Regulation Can Be a Tailwind in the Race Against Disruption
By Kristin Hochstein, ISITC Vice Chair
With digital transformation affecting nearly every industry at lightning speed, the question remains whether regulation will be able to keep pace. It might take decades for regulatory policies to develop fully, yet an industry-disruptive unicorn start-up can explode in popularity overnight.
This kind of boom has some wondering how the regulation governing the financial services industry will be able to achieve the same pace as the innovation. Between fintechs, cryptocurrencies, and emerging technologies including AI and blockchain, regulation needs to address a variety of disruptors to protect the consumer. At the same time, it should not impede industry innovation.
Of course, there doesn’t need to be this fear of hindering innovation. In the financial services industry, regulation has the power to enable firms to think creatively in the process of complying.
Financial institutions inevitably want to be innovating, but financial pressures and time constraints can cause firms to be more reactive than proactive. As counter intuitive as it sounds, regulatory mandates actually can be a way to compel firms to adopt measures that will lead to innovation.
A primary example of this was the initial focus on universal Legal Entity Identifier (LEI) adoption. Each LEI contains information about an entity’s descriptive characteristics and structure and help answer the question of ‘who is who’ and ‘who owns whom,’ making them integral for reducing systemic risk. Following the global financial crisis, the Office of Financial Research encouraged adoption of LEIs rather than mandating them. The industry knew that LEIs were meant to reduce systemic risk, but with LEI costs and the effort needed to launch and support the project, the LEI was not adopted universally.
The European Markets Infrastructure Reporting (EMIR) mandates reporting of all derivatives to Trade Repositories (TRs), who then centrally collect and maintain the records of all derivatives contracts. It was aimed at improving the transparency of over-the-counter (OTC) derivatives markets and, in doing so, reduces risks to financial stability. EMIR was first established in 2012, and in the wake of the 2008 financial crisis, it served as a reminder to the industry that transparency would be key to rebuild and move forward, thus creating a foundation for innovation and greater efficiency. It was EMIR and the CFTC Rules under Dodd Frank that drove the initial surge in LEIs.
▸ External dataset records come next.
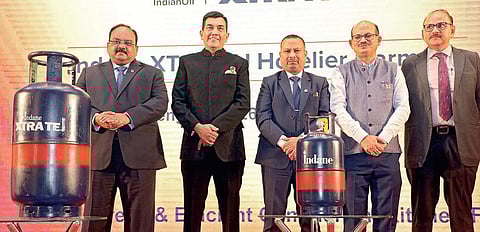 இந்தியன் ஆயில் நிறுவனத்தின் புதிய இண்டேன் எக்ஸ்ட்ராடெஜ் எல்பிஜி சிலிண்டரின் விளம்பர தூதுவராக நியமிக்கப்பட்டுள்ள பிரபல சமையல் கலை நிபுணர் சஞ்ஜீவ் கபூர், இந்தியன் ஆயில் நிறுவனத்தின் செயல் இயக்குநர் (எல்பிஜி) கே.சைலேந்திரா உள்ளிட்டோர்.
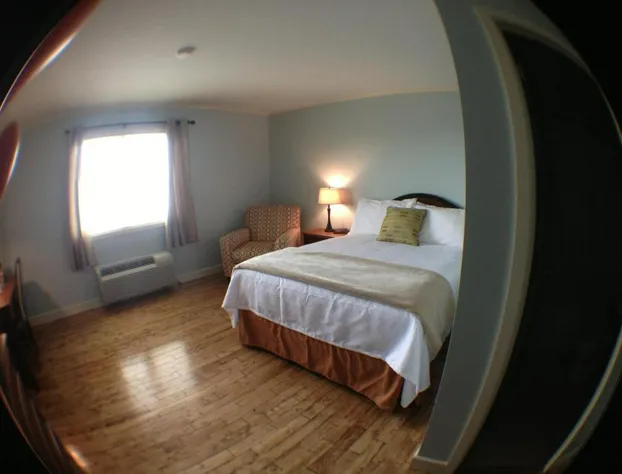 Anchor Inn Hotel and Suites hotel detail image 1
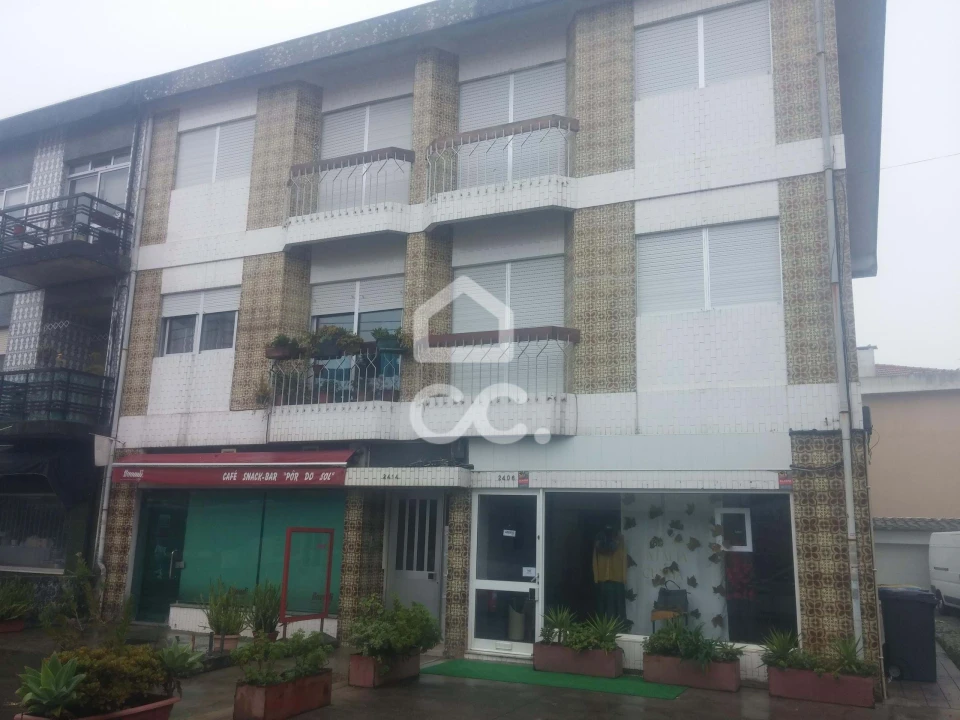 Negócio para Venda em Aguas Santas Foto 3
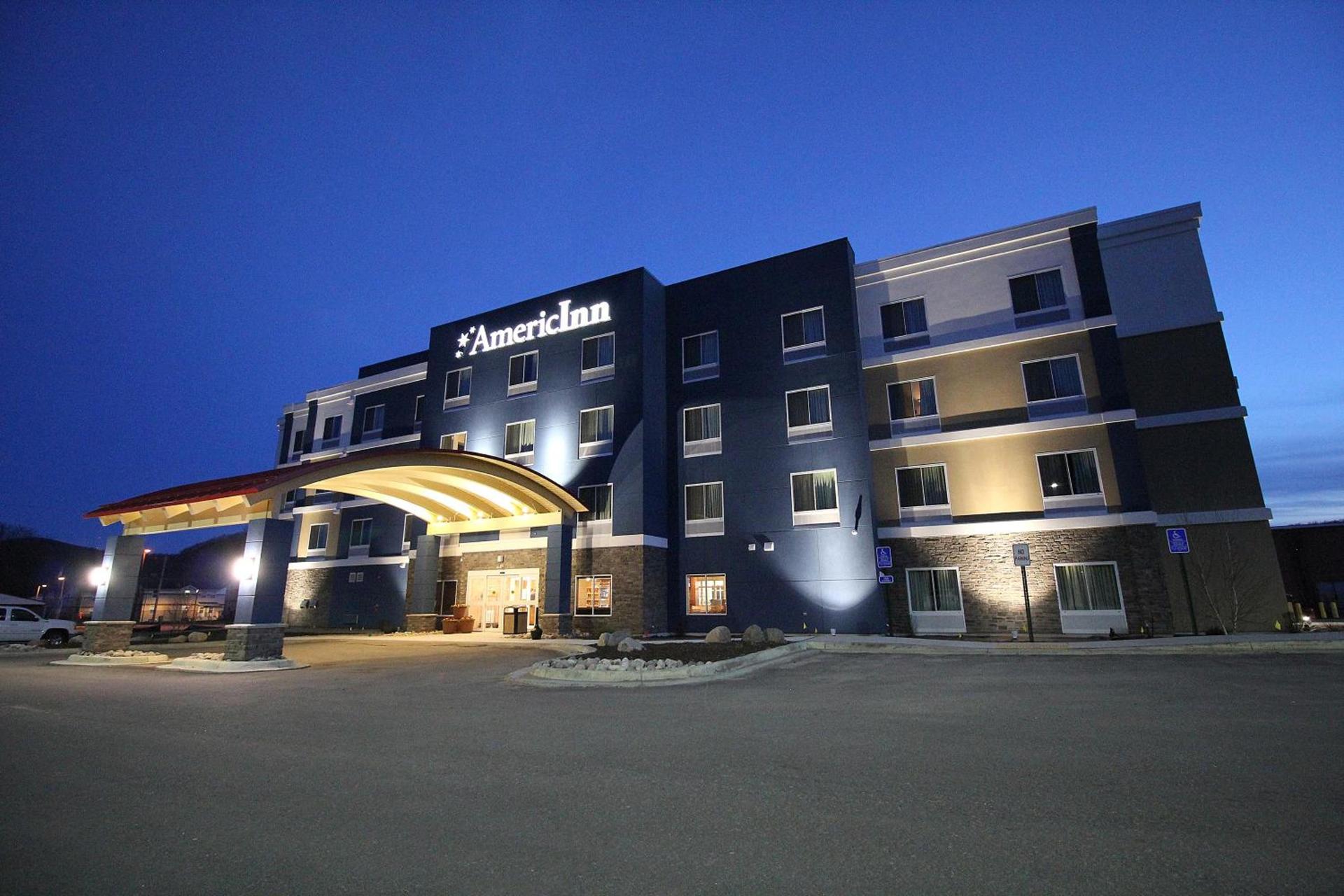 AmericInn by Wyndham Winona photo 34
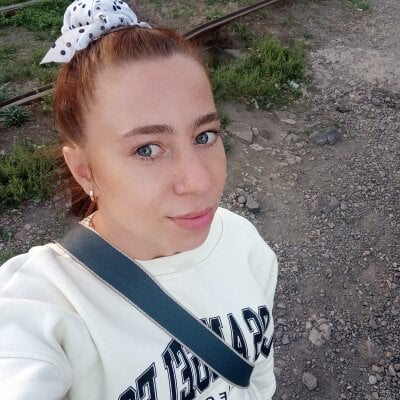 AlinaSiS Female White Cam Naked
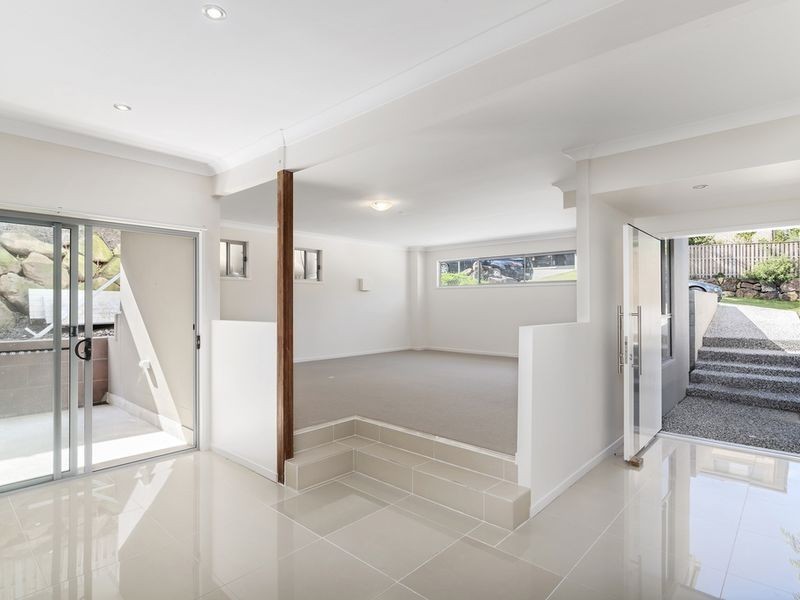 Pacific Pines QLD 4211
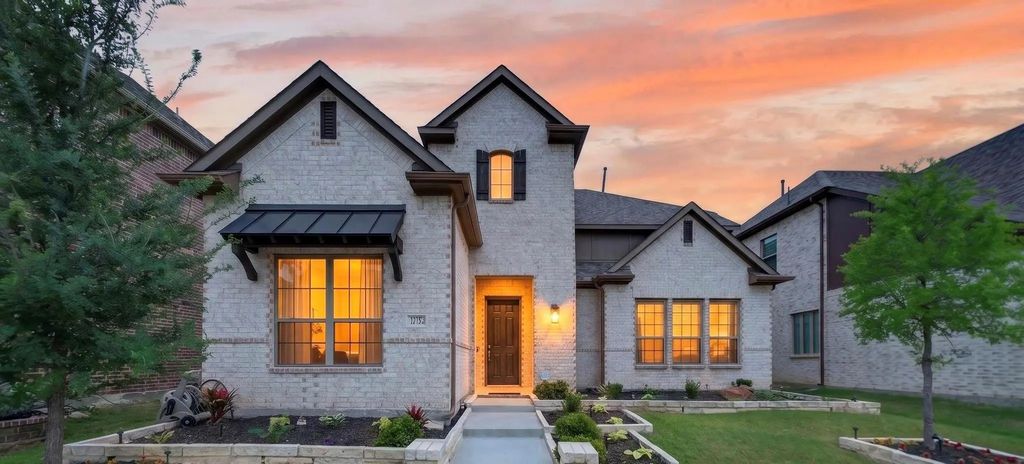 12733 Royal Oaks Lane, Farmers Branch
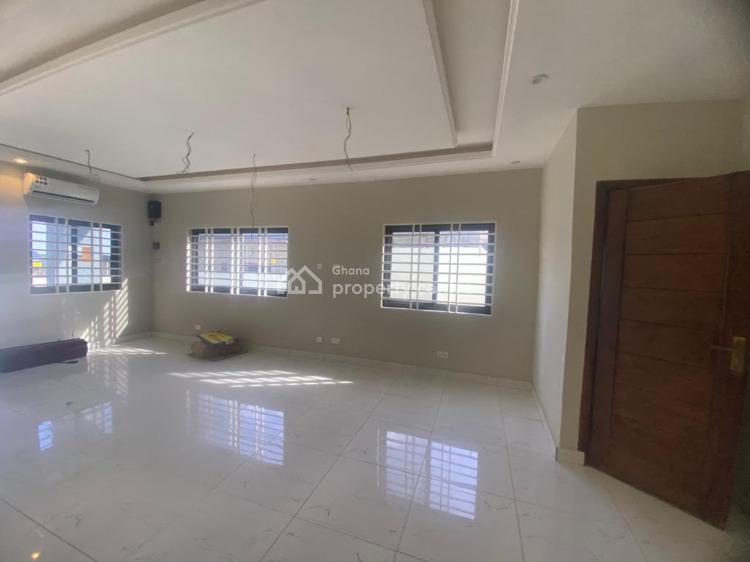 Executive 3 Bedrooms House, Oyarifa, Oyarifa, La Nkwantanang Madina Municipal, Accra, Detached Bungalow for Sale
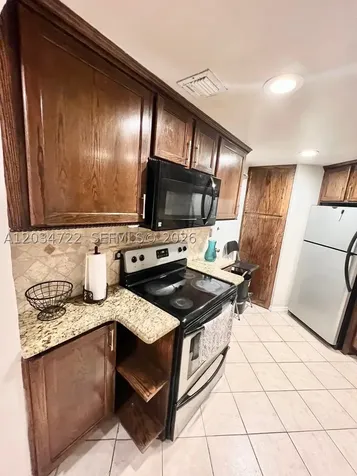 905 Brickell Bay Drive Miami FL 33131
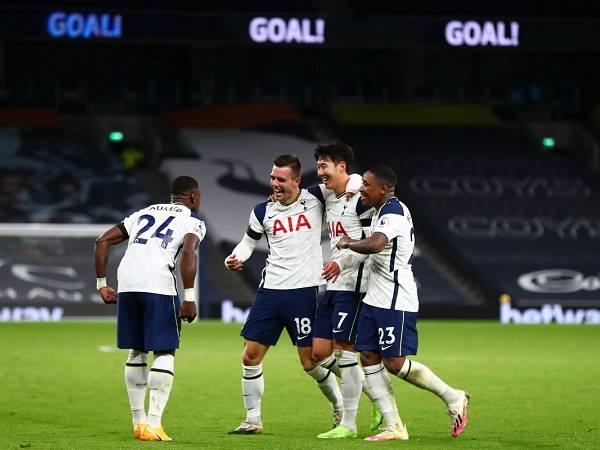 Điểm tin bóng đá sáng 7/12: Tottenham trở lại ngôi đầu bảng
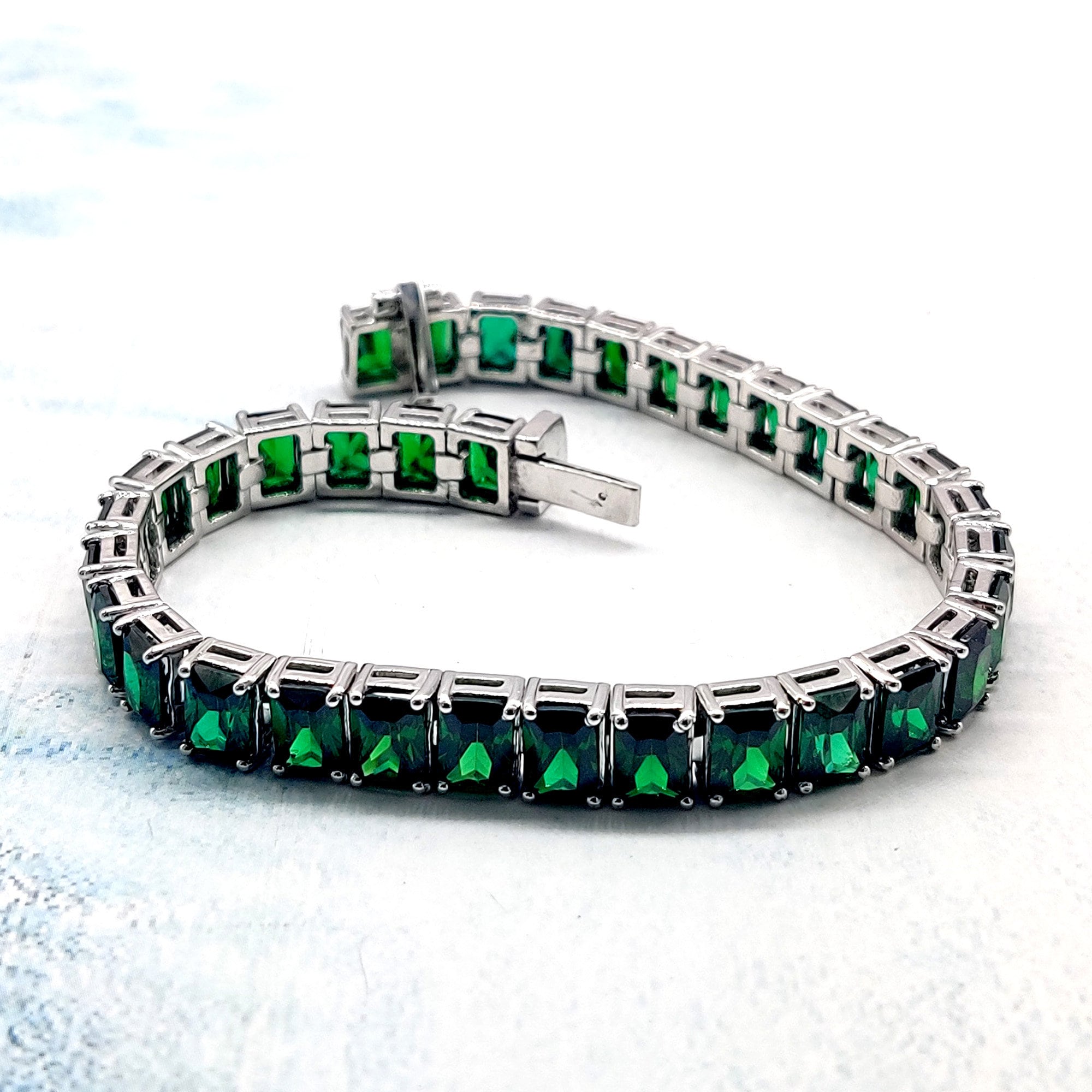 選ぶなら Classic Tennis Wedding Bridal Bracelet, Rectangular Cut アクセサリー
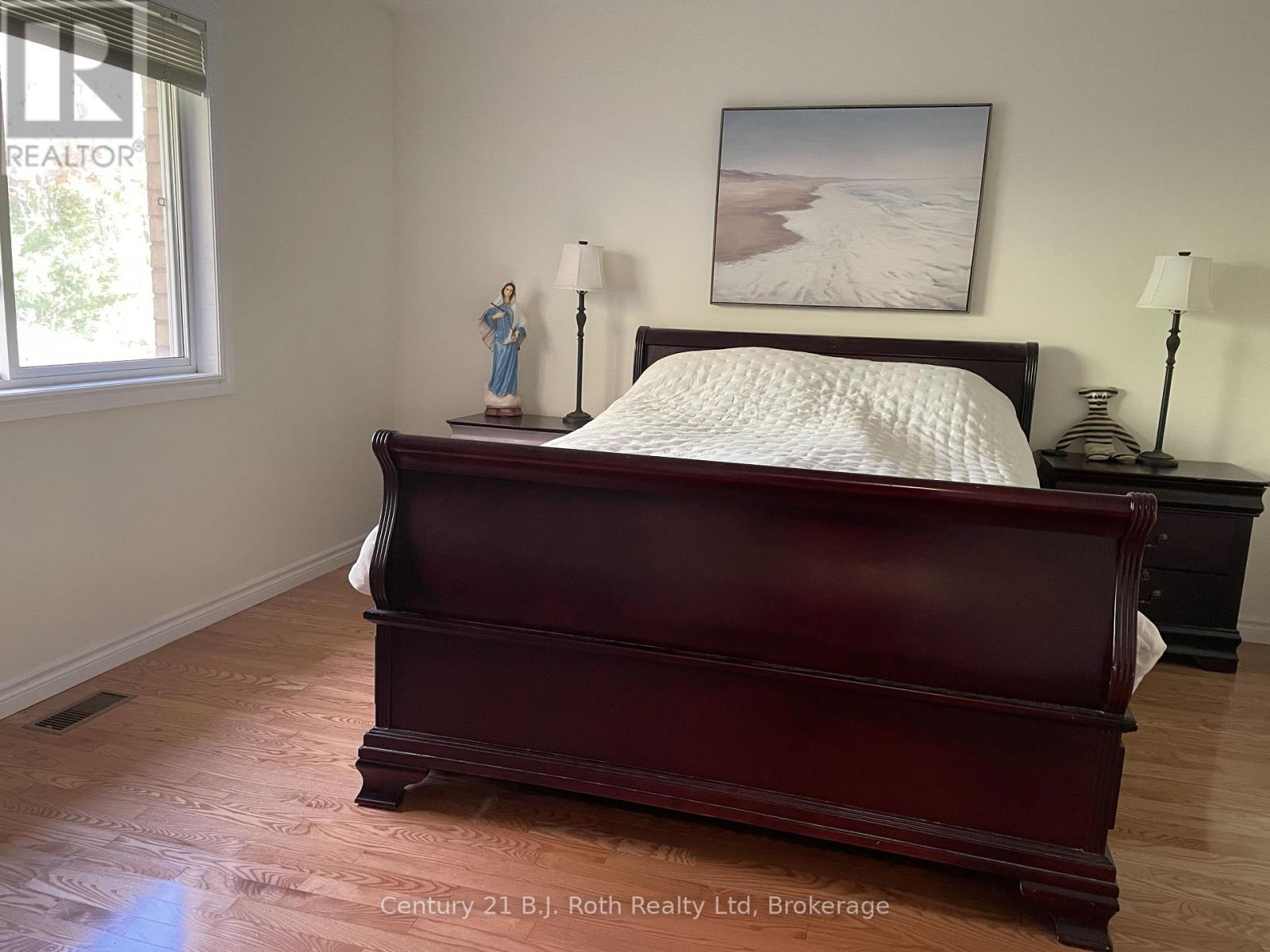 40 Marchand Drive, Penetanguishene photo 13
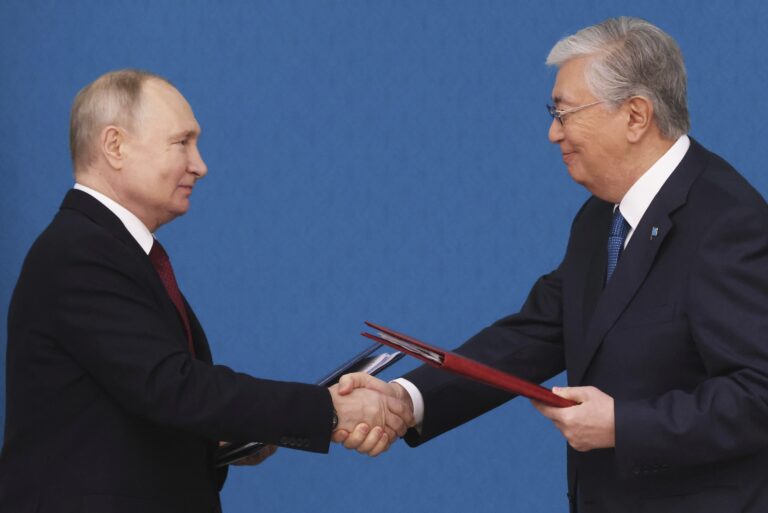 kazašský prezident Kasym-Žomart Tokajev a ruský prezident Vladimir Putin si vymieňajú podpísané dokumenty po rokovaní v prezidentskej rezidencii Akorda v Astane v Kazachstane vo štvrtok 9. novembra 2023. Foto: TASR/AP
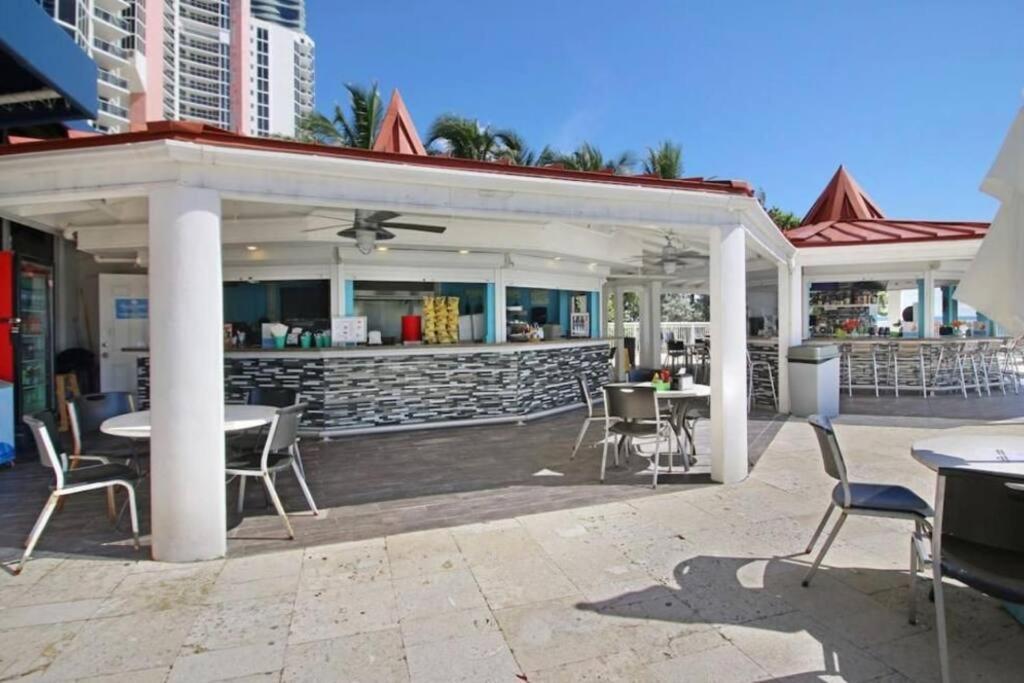 Alojamiento Con Balcon Hacia La Playa 115 Miami Beach Esterno foto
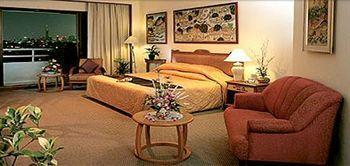 Hotel The Royal City 4*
The establishment of Markets in Financial Instruments Directive (MiFID) II was another instance where regulation offered a useful nudge to the industry. This European regulation is quite broad, but one of the key requirements demanded that all legal entities involved in a trade include an LEI in European trade reporting. MiFID, therefore, became a huge global regulation and resulted in massive LEI expansion.
The MiFID II mandate worked in driving adoption. Just 551,000 LEIs were issued in the few years before the implementation of MiFID II, compared to 1.3 million in the 18 months after. Rather than detracting from firms’ innovation, regulation enabled standardization that served as an impetus for greater industry-wide efficiency.
Taking a look at our current financial services landscape, a more recent example of the potential for regulation to act as a spark for innovation can be seen in the Office of the Comptroller of Currency (OCC)’s fintech charters. On July 31, 2018, the OCC announced it would begin accepting applications from non-depository fintech companies for special purpose national bank charters. Adding challenger banks to the equation increases competition for traditional institutions. Competition leads to innovation which now unlocking the need for banks to rethink their strategies and update their legacy systems. This benefits consumers and spurs industry-wide progress.
It is difficult for firms to strike a balance between forward-thinking initiatives and day-to-day management. Regulation is an external force that causes us to pause and reassess our ways of thinking. That kind of push can force new behaviors – a push that our industry often needs.
So what is the best way to prepare for upcoming regulations and understand what others in the industry are doing to drive further progress? Get involved with industry groups to be aware of what is on the horizon, collaborate with your peers on the opportunities and challenges inherent in impending regulations, and support the industry standards, even if not a direct need today. That way, you will remain one step ahead in the race against disruption.
Kristin Hochstein is the vice-chair of ISITC and executive sponsor of ISITC’s Regulatory Forum and Reference Data and Standards Group. Kristin leads entity data services for Refinitiv, formerly the financial and risk business of Thomson Reuters. She holds degrees with honors from the University of Richmond in Business and French and from Columbia Business School, where she received an MBA.